Kirişçi, daha sonra şehrin Bizans imparatoru Konstantin tarafından 325 yılında hakimiyet altına alınmasından sonra, Konstantin’in buradaki halkı yaptığı işlere ikna edebilmek için Hz. İsa’nın çarmıha gerildiği iddia edilen yere büyük bir kilise yaptırdığını ve o kilisenin şu anda aynı yerde mevcut olduğunu belirtti.

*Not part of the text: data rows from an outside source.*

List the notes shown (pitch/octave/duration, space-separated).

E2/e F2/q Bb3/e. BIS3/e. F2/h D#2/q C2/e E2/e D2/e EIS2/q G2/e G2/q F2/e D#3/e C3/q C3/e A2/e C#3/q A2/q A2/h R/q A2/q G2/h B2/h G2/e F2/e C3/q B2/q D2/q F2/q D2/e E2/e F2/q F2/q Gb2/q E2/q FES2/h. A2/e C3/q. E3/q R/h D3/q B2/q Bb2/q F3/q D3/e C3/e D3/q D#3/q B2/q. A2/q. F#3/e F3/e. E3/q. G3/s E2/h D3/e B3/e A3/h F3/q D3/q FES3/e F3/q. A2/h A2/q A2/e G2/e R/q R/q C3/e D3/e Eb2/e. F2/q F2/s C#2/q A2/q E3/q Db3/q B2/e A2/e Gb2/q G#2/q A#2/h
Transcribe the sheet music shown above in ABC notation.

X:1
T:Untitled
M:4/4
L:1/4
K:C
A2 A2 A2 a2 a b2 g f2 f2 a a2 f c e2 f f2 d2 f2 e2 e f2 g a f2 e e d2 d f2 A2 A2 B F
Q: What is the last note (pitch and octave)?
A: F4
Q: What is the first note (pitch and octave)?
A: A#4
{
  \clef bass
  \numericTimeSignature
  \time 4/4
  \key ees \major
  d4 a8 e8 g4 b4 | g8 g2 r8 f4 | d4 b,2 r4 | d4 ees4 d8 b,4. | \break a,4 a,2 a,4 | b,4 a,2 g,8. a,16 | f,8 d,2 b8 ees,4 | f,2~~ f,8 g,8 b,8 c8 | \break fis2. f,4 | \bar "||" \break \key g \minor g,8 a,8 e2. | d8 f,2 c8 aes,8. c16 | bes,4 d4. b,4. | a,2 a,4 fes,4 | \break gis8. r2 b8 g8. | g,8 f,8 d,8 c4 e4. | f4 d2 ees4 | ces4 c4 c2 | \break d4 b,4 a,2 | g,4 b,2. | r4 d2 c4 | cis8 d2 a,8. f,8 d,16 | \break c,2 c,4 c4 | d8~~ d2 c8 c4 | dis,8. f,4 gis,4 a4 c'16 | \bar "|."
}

Hz. peygamberin (sav) vefatından sonra, Hz. Ömer’in hilafeti döneminde milattan sonra 638 yıllarında Müslümanların Kudüs çevresine ilk çadırlarını yerleştirip fethin yaklaştığını gösterdiklerini ve Allah’ın izniyle fethin Hz. Ömer’e nasip olduğunu açıklayan Kirişçi, “Kuşatma sırasında Kudüslüler Hz. Ömer’e Kudüs’ün anahtarını teslim edeceklerini söylüyorlar ve Allah’ın izniyle Hz. Ömer burada şehri teslim alıyor. Burada bilinen bazı olaylar var. Orada bir kilise var. Hz. Ömer’den orada namaz kılınması ve dua edilmesi isteniyor ama, bunun ileride büyük sıkıntılara yol açacağını düşünerek boş bir arazide namaz kılıyor. Bugün Kudüs’te Hz. Ömer Camii’nin yükseldiği yer, Hz. Ömer’in namaz kıldığı yer olarak ifade ediliyor. Hz. Ömer’den sonra Hıristiyanlarla yapılan anlaşma ile İslam’ın hayata verdiği nizam dolayısıyla orada insanlar 1099 yılına kadar rahat ve huzur içerisinde yaşıyorlar. 1099 yılında haçlıların Kudüs’e saldırdıkları ve birçok kanlı katliamın yaşandığını görüyoruz. Hatta Hıristiyanlara ve Müslümanlara ait birçok tarihî binayı tahrip ettiklerine şahit oluyoruz. Bu dönemde El Aksa Mescidi’nin tepesine bir haç dikilerek kiliseye çevriliyor. Kudüs bu manada Selahaddin Eyubbi’ye kadar zulüm görmüştür” dedi.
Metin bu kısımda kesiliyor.